My customers depend on me
This goes without saying. If they didn’t depend on you, they wouldn’t be your customers.
to work with them
Again, that’s what happens when you have customers.
to transform the way they do business
Transform in what way? Crashing all their computer systems would transform the way that they do business. So would setting fire to their office. It’s meaningless without any qualification. As is ‘do business.’
with the solutions we provide
Again, this is utterly meaningless without any context. And there is something about ‘providing a solution’ that doesn’t work. A solution is a means of solving a problem. But what problem? You can’t provide a solution if you don’t know what the problem is. You can’t just go around ‘providing solutions’. If you are solving a particular problem, then you are not a solution provider but a problem solver. Solutions Provider sounds like a self-proclaimed Messiah wandering around the desert wondering why no one will follow the path to enlightenment that he is offering.
to ensure the supporting technology is in place
Technology is a broad thing. ‘Supporting’ is redundant – you’re hardly going to use technology that doesn’t support what you are doing. ‘Ensure’ is a rather self satisfied verb (what’s wrong with ‘put’?). And ‘in place’ is redundant too.
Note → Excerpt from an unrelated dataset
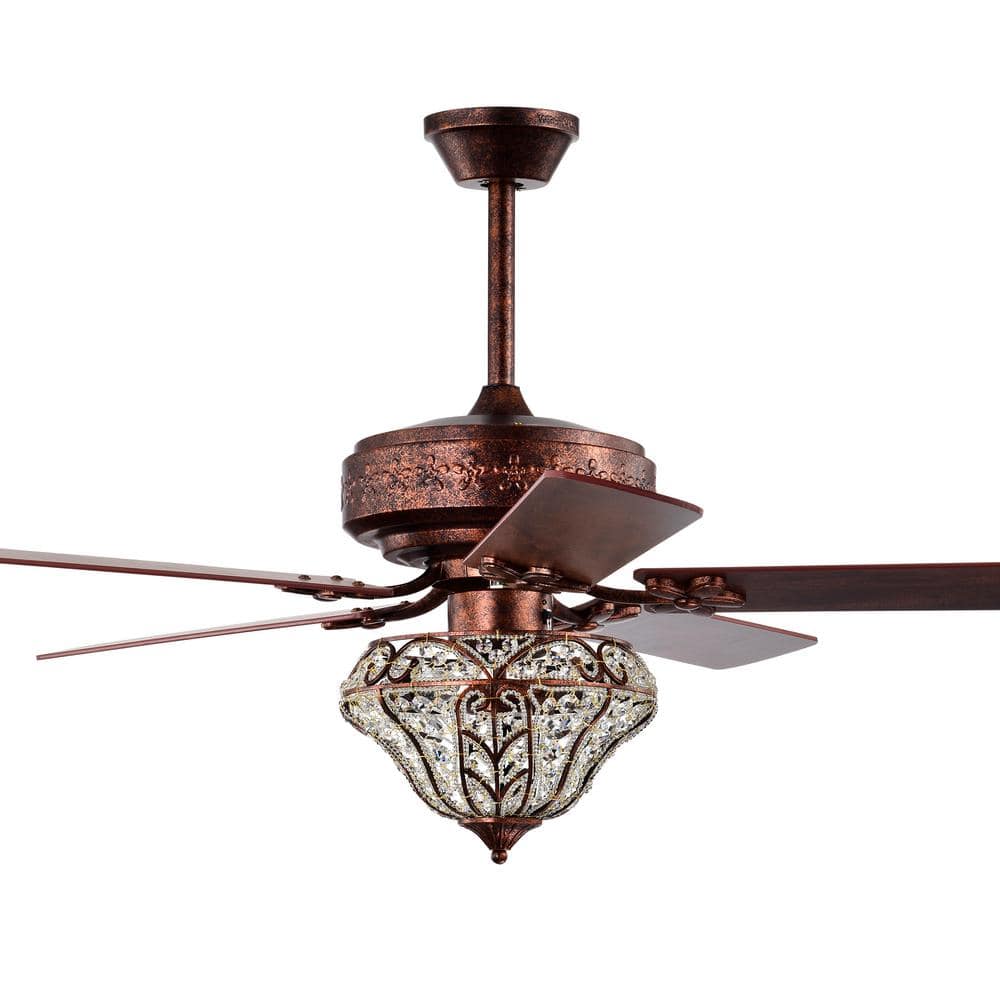 Warehouse of Tiffany Luella 52 in. 3-Light Indoor Antique Copper ...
Betrayed by the subconscious?
So, take out all the redundancies and meaningless phrases and you’re left with:
Solve some problems for people with technology.
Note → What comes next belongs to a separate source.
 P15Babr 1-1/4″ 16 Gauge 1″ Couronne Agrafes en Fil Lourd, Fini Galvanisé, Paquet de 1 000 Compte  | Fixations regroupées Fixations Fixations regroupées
– which is pretty much what they say in the tagline:
Windows 7 Enables a Better Solution
The tagline doesn’t mean much either:
‘Enables’ is redundant. You wouldn’t say ‘the pub enables you to have a drink’. ‘Solution’ to what? What is being solved? What’s the problem? And ‘Better’ than what?
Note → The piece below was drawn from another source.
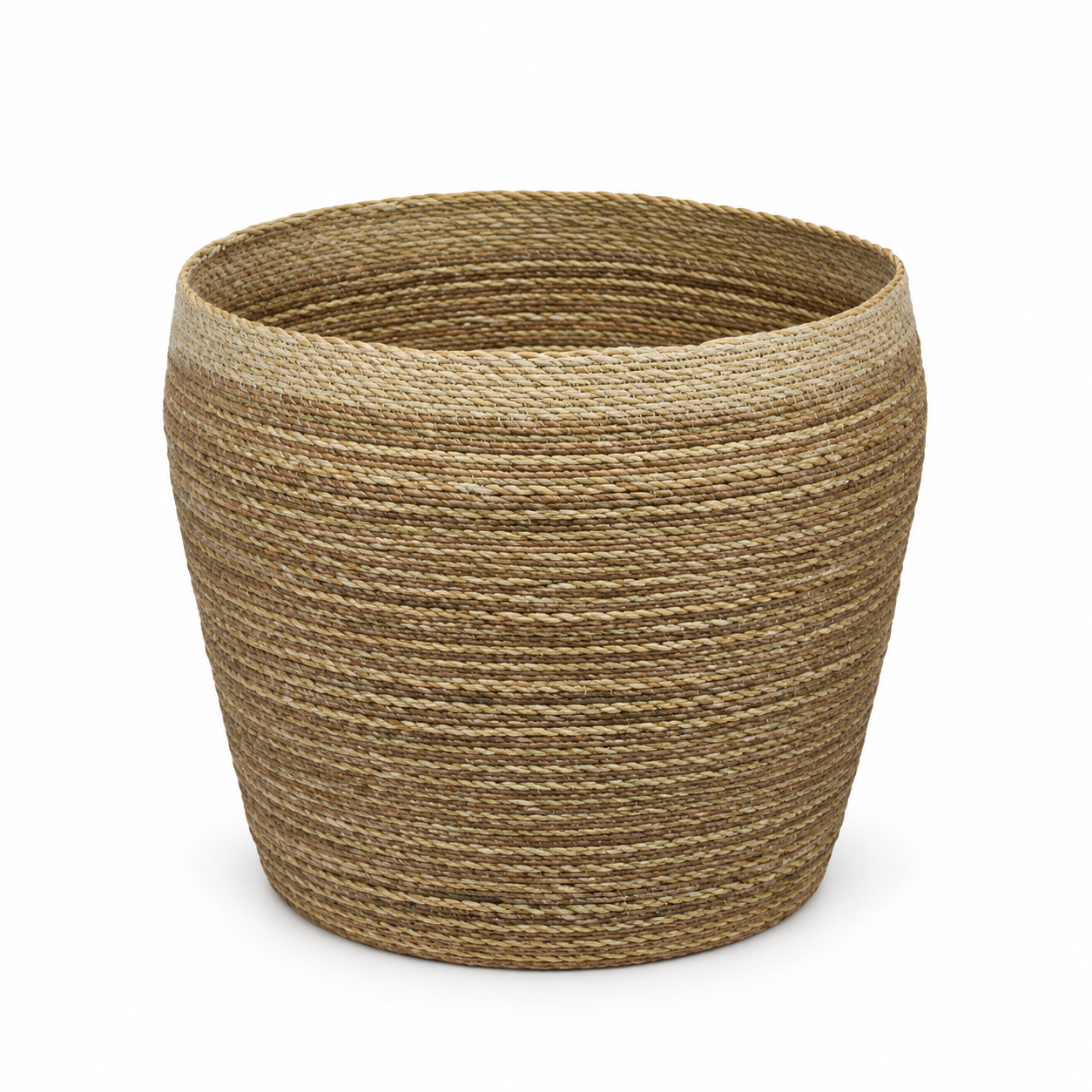 Panier rond pour plantes en fibre d’herbe marine naturelle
Oh that’s right. I remember now. It took a little while to drill down through the layers of generic, banal nothingness to finally find a meaning in Microsoft’s copy, but we’ve got one in the end. It might only be implied, in fact it might be Freudian slip, but at least there is something of substance when you look hard enough.
They should have written:
Windows 7 – Better than Vista
Which I suspect is as close as we’re going to get to an apology.
It is hard to think that Microsoft’s copy is intentionally bad so that critics will spread it, given that the role of copy in flyers is to make things clearer to customers. Perhaps they were trying to paint with wide enough brush strokes to address everyone, but in doing so have not said anything to anybody. Apart from that little slip about it being better than Vista, which I sincerely hope that it is.